Data to process
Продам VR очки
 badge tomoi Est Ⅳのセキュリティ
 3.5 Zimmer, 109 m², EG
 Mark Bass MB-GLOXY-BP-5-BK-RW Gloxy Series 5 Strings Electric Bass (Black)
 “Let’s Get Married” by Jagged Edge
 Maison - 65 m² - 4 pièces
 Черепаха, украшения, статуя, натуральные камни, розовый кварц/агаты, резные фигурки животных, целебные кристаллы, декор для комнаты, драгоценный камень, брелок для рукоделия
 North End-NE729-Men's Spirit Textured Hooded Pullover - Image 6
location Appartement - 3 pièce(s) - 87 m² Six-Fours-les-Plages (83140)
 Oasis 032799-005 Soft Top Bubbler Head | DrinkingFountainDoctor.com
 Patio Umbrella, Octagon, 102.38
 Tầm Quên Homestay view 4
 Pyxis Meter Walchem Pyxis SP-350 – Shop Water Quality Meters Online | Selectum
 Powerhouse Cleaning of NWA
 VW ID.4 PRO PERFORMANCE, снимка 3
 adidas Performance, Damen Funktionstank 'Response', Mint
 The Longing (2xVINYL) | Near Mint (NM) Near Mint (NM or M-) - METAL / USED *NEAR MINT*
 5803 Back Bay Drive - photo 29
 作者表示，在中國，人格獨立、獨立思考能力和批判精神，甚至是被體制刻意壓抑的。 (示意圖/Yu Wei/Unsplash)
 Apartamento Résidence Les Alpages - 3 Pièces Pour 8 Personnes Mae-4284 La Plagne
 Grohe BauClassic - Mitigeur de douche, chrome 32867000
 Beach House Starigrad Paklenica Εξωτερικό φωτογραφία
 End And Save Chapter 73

Exercise description
Every line that contains the string "Mint" should be copied from the records.

Problem solution
 adidas Performance, Damen Funktionstank 'Response', Mint
 The Longing (2xVINYL) | Near Mint (NM) Near Mint (NM or M-) - METAL / USED *NEAR MINT*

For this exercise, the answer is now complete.